Realtor: Lack of easy transit to the workplace have depressed real estate prices in Maple Ridge and Pitt Meadows until now

Derrick Penner, Vancouver Sun

Published: Tuesday, May 30, 2006

So many of the province's proposed Gateway transportation improvements lead to Maple Ridge and Pitt Meadows that land values in the two Vancouver suburbs will jump as much as 20 per cent, the Real Estate Investment Network predicts.

Those two communities won't be alone, said REIN president Don Campbell. North Langley-Abbotsford, Port Moody-Coquitlam, Surrey-Delta, areas of Richmond and Vancouver and even Chilliwack and Mission should also see increases in real estate values from 10 per cent to 20 per cent as new transportation routes are built.

Campbell and co-author Russell Westcott released their assessment in a report titled The Gateway Effect: The impact of transportation improvements on housing values in the Lower Mainland and Fraser Valley.

Artist's rendering showing transit and cycling lanes on the Port Mann crossing.

Artist's rendering showing transit and cycling lanes on the Port Mann crossing.

Vancouver Sun, Courtesy photo

"[The Gateway improvements] will open up some of the economic arteries of the region," Campbell said in an interview.

Robert Helsley, a professor at the University of B.C.'s Sauder School of Business, said it is a matter of accessibility. Wherever government installs new infrastructure -- whether it is rapid transit tracks or a highway -- it will influence property values and development patterns.

Campbell, however, has tried to quantify the effect of the Lower Mainland's major transportation initiatives on property values from Richmond to the eastern end of the Fraser Valley.

He studied examples around rapid transit systems across North America, as well as several instances of highway improvements in the United States to reach his conclusions.

Campbell said Maple Ridge and Pitt Meadows should see the most dramatic increase in property prices because heavy traffic congestion has depressed real estate values there compared to communities on the south side of the Fraser River.

"People are looking for more affordable regions [to live in]," Campbell said. "The problem with some of these regions, like Fort Langley and Pitt Meadows, is that people just can't get to work."

He added that the convergence of Gateway projects in the Ridge Meadows area should solve that. Gateway's North Fraser perimeter road, including an expanded Pitt River bridge and improved Mary Hill bypass should help ease traffic congestion through Pitt Meadows.

So should the new Golden Ears bridge, Campbell added, which will link Ridge Meadows with Langley, Highway 1 and even Gateway's South Fraser perimeter project.

Campbell added that he doesn't expect the "Gateway premium" to be fully included in property values until after the Gateway projects are complete, but industry participants in the region are already starting to see the effect take hold.

"Some of that impact is probably already being felt," Ron Antalek, a realtor with Re/Max Ridge Meadows Realty in Maple Ridge, said.

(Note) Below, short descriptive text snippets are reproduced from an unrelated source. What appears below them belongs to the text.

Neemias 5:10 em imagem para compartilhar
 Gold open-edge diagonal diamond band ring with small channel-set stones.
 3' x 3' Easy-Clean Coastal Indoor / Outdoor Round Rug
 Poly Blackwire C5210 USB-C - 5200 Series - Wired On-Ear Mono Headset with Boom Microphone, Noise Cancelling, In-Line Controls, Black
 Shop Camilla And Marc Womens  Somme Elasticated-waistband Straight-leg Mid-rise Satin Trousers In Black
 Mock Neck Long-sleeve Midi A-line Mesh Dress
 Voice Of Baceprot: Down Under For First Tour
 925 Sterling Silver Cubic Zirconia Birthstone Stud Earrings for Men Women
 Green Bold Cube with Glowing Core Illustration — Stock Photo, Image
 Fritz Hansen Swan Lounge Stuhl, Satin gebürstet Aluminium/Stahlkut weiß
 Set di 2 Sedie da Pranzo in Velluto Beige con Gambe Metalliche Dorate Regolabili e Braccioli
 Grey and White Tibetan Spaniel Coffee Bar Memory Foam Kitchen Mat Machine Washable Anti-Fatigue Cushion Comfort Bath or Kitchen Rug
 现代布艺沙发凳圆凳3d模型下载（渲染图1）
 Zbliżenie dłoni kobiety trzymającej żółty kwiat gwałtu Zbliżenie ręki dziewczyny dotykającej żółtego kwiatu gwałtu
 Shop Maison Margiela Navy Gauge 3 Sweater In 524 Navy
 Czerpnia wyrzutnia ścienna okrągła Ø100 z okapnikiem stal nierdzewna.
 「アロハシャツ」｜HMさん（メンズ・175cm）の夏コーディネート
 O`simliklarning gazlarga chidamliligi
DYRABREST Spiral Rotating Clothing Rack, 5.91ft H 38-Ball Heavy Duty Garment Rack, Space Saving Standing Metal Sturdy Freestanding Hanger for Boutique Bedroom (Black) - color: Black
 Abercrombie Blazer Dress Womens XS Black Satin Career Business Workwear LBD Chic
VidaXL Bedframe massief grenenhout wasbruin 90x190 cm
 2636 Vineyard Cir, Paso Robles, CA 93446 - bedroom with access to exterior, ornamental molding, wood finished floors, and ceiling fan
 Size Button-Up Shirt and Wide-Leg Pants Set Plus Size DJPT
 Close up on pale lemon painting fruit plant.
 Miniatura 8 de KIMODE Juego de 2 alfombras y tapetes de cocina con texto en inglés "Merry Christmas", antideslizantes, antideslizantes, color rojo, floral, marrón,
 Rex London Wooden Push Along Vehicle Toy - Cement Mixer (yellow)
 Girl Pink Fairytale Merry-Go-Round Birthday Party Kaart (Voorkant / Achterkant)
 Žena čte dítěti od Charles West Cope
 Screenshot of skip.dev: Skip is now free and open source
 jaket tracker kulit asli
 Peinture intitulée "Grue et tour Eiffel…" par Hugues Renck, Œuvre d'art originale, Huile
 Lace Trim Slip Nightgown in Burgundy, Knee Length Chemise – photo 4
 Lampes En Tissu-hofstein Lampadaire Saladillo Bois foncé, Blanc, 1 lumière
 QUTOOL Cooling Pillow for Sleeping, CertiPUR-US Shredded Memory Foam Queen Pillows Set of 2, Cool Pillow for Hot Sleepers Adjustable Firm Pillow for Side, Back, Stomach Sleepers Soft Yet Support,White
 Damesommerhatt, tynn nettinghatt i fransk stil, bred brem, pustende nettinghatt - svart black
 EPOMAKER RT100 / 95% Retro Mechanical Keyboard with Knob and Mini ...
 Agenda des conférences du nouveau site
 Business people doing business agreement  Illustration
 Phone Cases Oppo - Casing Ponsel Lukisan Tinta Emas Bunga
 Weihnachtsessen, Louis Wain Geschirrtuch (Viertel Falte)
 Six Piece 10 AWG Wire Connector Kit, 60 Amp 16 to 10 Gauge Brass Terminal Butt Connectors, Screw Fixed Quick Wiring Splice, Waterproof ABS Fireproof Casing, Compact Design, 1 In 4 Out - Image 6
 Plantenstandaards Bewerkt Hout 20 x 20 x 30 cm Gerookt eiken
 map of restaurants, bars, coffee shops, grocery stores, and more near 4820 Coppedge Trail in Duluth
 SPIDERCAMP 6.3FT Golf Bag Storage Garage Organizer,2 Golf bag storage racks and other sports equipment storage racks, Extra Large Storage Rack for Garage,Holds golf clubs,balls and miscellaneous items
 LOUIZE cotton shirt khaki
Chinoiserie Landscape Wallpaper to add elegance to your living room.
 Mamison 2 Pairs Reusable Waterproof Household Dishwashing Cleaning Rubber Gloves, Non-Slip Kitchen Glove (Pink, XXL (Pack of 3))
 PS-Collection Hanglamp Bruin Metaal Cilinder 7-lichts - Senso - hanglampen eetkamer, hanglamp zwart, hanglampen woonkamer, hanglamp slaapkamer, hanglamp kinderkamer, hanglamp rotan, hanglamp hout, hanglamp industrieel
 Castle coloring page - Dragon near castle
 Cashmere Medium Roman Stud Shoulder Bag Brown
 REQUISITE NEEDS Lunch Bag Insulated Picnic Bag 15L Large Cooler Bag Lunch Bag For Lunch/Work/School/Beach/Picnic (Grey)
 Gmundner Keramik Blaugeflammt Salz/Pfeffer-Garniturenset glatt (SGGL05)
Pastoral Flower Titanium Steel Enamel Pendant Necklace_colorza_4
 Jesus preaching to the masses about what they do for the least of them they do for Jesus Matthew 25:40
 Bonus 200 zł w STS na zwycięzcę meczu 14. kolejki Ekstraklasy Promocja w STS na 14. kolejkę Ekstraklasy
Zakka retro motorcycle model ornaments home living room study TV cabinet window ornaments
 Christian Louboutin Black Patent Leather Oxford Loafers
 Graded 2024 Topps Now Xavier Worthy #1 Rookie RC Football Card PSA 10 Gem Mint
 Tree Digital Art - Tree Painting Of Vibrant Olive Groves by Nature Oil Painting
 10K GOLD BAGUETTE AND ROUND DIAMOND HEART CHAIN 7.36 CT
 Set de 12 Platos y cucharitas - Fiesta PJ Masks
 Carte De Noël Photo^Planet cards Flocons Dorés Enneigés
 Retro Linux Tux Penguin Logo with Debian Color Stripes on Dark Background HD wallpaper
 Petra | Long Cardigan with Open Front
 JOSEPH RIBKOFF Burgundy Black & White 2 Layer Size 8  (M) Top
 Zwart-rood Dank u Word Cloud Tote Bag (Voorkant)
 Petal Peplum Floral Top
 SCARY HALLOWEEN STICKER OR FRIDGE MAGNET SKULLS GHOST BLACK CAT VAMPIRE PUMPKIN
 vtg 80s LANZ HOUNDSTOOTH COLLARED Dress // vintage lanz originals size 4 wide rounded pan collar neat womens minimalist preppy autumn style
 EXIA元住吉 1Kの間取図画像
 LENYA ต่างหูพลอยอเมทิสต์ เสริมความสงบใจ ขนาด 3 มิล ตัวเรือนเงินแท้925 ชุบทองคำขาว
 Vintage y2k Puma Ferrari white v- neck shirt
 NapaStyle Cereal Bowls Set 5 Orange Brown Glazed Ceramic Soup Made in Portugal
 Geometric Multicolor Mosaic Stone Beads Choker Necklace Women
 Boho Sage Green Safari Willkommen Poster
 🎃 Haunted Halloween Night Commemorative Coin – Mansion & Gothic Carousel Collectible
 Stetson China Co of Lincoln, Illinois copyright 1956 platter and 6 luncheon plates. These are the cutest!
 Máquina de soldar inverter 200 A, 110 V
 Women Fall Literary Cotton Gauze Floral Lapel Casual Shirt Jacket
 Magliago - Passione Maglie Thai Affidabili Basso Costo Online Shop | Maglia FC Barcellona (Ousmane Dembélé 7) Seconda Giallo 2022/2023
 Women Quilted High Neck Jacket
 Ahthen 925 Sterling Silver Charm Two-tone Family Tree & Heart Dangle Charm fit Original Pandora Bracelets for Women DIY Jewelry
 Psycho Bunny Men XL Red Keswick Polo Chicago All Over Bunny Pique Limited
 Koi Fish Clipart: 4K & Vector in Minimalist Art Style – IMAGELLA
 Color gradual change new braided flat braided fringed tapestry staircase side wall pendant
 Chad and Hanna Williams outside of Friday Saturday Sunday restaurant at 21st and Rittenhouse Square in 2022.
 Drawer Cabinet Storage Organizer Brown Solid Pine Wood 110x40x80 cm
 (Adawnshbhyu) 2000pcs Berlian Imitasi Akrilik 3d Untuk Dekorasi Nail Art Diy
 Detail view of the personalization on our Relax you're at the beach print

While the booming local housing market makes it difficult to measure exactly how much the Gateway initiative has pushed up property values, Antalek said he noticed a distinct increase in interest in the Ridge Meadows area by first-time buyers and commuters once TransLink's $650-million the Golden Ears bridge was confirmed.

"Maple Ridge is the most affordable community in the GVRD," Antalek said. "That attracts first-time buyers, and [transportation improvements] have been the biggest drawing card for these [people] who can see a future of being able to survive a commute."

However, Dave Keenan, CEO of Genstar Development, has worked on developments in Pitt Meadows and said he believes the premium could already be 15 per cent or higher.

The Gateway project, he added, helps create a whole new "locus of activity," centred on Abbotsford, for regional industry.

there's this . . . different set of economic opportunities that are emerging in the Valley as opposed to the downtown core of Vancouver, or the Burnaby-Coquitlam sector," Keenan said.

Campbell said he expects North Langley to Abbotsford area to see the next highest increase in values as twinning of the Port Mann bridge, expansion of Highway 1 improves traffic flows for commuters.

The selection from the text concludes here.